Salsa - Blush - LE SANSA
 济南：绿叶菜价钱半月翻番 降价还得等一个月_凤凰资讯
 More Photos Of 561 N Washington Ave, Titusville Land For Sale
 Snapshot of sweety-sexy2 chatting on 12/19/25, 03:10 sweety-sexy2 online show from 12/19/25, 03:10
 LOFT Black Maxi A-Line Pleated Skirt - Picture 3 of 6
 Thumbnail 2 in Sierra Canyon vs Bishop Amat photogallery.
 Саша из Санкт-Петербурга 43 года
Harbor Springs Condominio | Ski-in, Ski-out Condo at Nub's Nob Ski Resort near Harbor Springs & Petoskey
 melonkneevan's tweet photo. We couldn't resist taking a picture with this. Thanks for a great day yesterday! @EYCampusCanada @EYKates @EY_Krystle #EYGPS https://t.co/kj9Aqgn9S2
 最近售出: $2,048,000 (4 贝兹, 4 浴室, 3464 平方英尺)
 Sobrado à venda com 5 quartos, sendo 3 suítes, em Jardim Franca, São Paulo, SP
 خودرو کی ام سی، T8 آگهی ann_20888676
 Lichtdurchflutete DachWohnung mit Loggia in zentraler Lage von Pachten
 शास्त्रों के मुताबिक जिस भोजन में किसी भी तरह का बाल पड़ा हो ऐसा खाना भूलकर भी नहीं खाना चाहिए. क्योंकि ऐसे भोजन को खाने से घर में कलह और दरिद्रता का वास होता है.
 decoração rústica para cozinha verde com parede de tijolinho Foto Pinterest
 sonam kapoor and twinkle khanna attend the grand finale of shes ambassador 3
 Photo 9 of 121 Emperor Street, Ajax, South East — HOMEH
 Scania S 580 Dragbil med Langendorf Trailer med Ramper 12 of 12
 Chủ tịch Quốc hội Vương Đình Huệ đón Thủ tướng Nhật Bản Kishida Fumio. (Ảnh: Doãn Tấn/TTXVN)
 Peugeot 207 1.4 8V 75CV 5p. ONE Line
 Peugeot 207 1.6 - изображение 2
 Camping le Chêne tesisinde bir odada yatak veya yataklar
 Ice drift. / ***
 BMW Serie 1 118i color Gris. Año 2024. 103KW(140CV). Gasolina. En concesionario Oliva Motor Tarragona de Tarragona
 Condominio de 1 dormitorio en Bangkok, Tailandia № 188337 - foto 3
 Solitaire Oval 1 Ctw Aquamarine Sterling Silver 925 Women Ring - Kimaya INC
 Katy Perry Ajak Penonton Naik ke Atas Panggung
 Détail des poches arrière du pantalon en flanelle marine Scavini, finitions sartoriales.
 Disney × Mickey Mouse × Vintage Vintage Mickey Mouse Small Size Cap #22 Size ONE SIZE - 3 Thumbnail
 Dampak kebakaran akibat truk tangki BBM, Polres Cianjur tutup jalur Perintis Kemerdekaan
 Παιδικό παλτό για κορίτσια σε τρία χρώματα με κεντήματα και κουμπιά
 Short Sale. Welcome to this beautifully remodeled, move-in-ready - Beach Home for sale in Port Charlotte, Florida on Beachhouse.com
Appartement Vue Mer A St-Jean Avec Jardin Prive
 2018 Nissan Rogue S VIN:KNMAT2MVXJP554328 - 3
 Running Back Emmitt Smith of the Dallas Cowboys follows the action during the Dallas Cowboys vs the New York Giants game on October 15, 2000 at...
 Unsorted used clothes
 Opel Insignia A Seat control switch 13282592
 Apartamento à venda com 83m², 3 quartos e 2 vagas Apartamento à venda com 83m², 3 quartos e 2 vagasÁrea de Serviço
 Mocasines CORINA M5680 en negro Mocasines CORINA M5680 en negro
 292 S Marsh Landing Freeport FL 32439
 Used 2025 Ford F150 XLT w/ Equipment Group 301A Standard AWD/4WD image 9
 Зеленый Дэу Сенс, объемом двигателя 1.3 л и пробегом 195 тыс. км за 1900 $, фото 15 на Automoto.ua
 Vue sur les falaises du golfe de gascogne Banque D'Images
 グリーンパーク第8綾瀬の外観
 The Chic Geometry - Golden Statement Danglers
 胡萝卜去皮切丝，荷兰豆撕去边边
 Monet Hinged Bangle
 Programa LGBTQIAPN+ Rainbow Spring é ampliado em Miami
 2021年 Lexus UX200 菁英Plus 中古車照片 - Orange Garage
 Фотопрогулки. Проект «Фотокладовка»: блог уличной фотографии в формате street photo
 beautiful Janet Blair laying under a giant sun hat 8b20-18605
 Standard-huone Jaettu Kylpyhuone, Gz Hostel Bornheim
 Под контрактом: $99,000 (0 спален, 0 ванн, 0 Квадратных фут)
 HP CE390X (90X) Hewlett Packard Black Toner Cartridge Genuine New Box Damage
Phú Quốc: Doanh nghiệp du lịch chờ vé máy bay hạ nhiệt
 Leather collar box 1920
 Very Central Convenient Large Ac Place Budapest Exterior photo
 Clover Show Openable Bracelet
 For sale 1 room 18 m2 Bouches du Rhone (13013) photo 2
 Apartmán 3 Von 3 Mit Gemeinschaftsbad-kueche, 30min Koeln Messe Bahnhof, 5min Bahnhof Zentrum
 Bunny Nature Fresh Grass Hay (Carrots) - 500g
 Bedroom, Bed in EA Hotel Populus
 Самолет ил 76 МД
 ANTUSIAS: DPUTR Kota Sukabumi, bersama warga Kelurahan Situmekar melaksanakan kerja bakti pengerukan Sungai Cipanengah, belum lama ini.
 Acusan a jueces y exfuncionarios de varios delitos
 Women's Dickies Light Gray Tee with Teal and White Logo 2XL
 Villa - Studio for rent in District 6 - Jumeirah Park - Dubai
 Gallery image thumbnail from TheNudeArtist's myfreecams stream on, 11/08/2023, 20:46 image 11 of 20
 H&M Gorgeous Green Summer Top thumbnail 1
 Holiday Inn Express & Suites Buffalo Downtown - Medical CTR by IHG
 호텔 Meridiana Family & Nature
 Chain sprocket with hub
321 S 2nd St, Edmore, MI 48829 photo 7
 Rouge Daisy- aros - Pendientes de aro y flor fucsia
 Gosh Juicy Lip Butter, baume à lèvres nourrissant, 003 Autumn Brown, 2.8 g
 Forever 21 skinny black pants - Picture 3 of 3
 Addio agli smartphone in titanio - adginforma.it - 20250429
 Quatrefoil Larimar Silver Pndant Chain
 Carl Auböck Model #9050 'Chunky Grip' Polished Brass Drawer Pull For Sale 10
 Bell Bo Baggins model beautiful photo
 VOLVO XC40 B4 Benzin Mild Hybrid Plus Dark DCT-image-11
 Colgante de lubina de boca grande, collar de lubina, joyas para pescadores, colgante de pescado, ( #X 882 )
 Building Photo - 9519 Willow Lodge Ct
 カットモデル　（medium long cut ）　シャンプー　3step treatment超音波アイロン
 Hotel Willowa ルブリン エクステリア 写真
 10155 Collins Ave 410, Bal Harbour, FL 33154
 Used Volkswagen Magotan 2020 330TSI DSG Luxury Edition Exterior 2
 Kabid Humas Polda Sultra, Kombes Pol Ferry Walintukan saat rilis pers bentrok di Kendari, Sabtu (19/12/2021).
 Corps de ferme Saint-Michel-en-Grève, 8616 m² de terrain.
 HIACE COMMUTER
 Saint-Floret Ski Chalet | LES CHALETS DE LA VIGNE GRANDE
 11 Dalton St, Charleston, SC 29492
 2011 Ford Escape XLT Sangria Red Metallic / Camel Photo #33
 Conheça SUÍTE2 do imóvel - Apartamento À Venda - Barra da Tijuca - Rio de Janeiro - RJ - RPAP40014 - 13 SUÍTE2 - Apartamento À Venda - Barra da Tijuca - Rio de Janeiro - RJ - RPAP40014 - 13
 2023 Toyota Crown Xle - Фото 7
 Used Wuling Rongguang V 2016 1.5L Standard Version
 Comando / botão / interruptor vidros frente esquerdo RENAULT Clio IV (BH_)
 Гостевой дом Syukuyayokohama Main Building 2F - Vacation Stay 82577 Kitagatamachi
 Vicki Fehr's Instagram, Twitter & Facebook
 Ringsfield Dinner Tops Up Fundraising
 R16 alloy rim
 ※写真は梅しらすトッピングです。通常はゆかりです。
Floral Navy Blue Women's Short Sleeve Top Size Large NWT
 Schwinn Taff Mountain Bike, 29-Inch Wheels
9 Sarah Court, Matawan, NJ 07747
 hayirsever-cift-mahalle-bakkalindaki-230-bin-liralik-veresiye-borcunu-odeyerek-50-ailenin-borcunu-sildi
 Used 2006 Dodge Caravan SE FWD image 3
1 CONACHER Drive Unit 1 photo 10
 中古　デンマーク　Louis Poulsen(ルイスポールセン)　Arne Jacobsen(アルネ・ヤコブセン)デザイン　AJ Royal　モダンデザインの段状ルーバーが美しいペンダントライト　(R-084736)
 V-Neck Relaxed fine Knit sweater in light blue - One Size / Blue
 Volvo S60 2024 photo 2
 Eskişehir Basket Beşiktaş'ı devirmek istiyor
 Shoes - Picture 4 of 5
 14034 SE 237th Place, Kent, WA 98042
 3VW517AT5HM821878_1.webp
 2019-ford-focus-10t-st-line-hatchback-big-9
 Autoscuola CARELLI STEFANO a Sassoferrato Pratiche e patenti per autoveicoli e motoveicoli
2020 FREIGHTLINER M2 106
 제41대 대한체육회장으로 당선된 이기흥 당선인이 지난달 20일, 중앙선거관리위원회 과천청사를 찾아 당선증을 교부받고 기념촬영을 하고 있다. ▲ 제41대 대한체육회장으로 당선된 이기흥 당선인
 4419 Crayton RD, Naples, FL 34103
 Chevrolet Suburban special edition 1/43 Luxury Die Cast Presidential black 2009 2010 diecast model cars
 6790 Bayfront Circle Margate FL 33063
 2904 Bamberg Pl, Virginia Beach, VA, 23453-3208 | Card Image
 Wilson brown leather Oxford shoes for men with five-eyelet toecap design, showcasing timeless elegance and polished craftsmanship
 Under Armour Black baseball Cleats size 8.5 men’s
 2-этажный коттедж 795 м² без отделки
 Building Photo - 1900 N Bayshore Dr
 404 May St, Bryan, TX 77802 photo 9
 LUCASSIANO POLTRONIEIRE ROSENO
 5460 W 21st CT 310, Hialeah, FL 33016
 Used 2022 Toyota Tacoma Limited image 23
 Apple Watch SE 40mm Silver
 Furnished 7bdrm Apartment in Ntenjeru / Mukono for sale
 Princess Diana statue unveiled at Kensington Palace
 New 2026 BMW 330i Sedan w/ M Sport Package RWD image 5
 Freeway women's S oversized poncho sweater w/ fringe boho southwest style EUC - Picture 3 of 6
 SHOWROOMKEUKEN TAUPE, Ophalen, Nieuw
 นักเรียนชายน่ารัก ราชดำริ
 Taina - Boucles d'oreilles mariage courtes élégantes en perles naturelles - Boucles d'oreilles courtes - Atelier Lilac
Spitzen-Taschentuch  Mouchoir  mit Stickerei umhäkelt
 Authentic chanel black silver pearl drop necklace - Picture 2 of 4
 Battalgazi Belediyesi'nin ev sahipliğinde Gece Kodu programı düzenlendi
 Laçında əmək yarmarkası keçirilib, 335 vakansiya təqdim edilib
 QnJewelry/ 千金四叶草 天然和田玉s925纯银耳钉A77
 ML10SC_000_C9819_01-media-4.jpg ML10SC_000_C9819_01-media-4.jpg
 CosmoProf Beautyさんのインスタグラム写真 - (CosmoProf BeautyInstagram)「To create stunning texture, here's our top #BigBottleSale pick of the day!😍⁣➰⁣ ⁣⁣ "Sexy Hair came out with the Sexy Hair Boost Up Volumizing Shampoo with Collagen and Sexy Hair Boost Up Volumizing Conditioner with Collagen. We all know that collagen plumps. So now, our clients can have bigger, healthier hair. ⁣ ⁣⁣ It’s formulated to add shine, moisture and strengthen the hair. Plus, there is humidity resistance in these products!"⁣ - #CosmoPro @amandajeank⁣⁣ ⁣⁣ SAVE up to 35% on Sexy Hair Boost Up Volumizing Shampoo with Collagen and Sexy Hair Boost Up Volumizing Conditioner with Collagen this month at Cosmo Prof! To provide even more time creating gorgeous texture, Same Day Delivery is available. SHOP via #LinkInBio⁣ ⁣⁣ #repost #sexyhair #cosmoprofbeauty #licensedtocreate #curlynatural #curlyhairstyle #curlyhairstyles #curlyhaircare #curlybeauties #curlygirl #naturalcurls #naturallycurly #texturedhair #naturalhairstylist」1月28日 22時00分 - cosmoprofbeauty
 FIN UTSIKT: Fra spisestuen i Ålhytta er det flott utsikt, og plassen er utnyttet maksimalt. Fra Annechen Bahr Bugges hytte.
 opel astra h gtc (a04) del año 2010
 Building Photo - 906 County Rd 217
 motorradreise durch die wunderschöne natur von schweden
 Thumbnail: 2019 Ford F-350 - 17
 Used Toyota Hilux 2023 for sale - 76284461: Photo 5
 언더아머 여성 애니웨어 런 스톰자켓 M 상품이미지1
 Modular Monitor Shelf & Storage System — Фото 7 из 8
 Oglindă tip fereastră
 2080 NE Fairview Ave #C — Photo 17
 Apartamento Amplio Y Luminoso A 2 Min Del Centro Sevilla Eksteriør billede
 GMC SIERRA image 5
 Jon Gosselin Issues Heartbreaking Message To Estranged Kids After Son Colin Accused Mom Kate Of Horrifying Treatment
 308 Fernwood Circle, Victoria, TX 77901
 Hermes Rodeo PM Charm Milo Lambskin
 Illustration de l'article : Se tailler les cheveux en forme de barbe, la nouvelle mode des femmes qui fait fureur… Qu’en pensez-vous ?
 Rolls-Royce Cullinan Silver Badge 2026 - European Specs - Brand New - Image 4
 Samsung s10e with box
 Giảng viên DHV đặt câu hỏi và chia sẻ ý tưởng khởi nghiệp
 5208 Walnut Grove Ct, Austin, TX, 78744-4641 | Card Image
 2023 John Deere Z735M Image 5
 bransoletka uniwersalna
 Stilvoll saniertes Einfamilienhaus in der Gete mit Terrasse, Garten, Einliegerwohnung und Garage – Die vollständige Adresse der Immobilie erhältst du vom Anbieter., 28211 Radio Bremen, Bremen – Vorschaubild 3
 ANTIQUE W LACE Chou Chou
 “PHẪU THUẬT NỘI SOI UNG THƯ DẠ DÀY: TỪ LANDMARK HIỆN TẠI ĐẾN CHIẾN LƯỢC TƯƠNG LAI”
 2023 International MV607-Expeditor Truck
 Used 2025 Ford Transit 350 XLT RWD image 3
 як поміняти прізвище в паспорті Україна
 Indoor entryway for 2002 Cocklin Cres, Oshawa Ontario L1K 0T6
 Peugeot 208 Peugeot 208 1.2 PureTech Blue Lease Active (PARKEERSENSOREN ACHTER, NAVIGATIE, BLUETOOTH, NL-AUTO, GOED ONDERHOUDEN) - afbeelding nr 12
---*---
# [What to do]
Every line of the listing that holds "Saint" should be found and copied.

# [Your response]
 Corps de ferme Saint-Michel-en-Grève, 8616 m² de terrain.
 Saint-Floret Ski Chalet | LES CHALETS DE LA VIGNE GRANDE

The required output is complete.